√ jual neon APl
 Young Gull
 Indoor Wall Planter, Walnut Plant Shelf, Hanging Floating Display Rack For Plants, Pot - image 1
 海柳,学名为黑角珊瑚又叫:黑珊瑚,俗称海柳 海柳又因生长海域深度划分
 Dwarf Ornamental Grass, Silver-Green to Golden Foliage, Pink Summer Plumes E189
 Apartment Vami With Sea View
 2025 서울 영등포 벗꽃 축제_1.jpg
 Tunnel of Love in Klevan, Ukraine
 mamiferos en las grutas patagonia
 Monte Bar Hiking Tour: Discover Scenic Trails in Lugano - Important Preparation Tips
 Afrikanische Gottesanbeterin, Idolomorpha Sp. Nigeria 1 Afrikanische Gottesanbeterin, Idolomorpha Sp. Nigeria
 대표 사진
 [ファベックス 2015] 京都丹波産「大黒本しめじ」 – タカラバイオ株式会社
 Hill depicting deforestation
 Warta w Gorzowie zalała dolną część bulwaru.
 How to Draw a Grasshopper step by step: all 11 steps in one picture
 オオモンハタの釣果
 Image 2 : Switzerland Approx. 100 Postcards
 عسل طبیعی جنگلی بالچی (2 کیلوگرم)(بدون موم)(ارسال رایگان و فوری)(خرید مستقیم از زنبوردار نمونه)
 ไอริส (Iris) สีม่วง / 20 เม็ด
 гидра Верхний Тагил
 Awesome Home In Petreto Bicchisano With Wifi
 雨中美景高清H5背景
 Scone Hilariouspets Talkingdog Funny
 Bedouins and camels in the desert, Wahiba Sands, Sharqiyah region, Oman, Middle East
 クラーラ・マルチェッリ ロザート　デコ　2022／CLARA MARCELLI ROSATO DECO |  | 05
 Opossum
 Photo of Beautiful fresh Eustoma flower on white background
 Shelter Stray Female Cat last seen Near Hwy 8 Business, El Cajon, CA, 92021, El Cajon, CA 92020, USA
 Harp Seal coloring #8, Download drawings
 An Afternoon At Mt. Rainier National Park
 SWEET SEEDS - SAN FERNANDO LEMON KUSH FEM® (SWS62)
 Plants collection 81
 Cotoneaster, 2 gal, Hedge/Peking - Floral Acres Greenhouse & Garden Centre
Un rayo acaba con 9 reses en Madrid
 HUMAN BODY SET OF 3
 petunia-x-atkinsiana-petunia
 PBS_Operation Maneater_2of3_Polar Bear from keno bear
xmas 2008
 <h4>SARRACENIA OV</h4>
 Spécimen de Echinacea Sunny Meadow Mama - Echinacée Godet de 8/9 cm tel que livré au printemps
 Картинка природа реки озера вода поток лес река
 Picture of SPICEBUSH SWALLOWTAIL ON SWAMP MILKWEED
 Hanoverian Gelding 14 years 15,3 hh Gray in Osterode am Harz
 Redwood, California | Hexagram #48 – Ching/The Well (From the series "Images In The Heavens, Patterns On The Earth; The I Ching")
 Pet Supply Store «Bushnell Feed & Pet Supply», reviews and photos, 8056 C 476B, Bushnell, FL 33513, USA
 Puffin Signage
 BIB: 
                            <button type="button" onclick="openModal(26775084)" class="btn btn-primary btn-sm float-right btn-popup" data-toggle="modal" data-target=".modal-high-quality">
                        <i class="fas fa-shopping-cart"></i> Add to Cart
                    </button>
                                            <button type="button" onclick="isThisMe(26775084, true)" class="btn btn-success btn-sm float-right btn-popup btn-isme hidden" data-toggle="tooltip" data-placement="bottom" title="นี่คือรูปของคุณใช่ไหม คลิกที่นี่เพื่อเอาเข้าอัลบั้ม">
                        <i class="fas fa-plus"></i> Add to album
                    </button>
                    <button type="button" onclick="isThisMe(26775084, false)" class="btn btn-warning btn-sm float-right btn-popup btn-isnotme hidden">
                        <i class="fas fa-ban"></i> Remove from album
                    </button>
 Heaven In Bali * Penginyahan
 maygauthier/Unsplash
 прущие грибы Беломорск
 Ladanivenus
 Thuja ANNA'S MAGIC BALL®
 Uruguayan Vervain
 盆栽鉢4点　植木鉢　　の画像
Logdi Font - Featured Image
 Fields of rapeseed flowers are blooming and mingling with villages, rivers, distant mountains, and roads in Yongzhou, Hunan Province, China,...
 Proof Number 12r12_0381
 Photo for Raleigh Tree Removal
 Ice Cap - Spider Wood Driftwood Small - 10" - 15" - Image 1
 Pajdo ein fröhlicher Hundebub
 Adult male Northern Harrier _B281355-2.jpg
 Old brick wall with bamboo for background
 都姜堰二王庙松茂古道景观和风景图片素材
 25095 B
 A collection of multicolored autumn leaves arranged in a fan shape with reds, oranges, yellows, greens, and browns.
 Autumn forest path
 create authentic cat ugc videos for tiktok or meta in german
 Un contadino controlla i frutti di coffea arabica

***

• _Your objective_
What lines in the data above carry "background"? Return them all.

• _Task result_
 Photo of Beautiful fresh Eustoma flower on white background
 Old brick wall with bamboo for background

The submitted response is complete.